■ WHAT IS BEING ASKED
Retype, word for word, every line of the records below starting at the one that contains "Büros zur Miete" and ending at the one that contains "Rouge G Velvet"; include both of those lines and nothing more.

■ PROVIDED RECORDS

•••

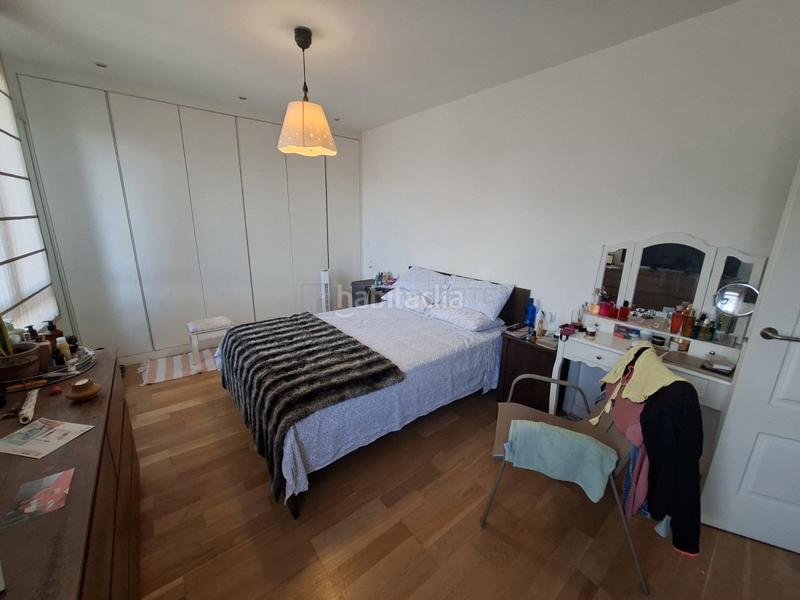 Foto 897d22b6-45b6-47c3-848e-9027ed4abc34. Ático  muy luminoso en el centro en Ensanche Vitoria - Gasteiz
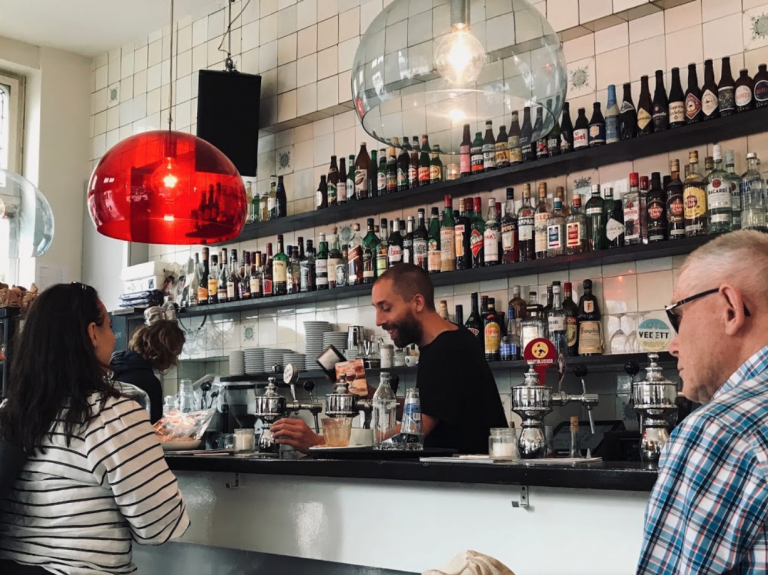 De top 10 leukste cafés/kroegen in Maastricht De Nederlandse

•••

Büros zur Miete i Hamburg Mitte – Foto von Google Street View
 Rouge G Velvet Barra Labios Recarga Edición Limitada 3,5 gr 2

•••

■ ANSWER TO THIS TASK
Büros zur Miete i Hamburg Mitte – Foto von Google Street View
 Rouge G Velvet Barra Labios Recarga Edición Limitada 3,5 gr 2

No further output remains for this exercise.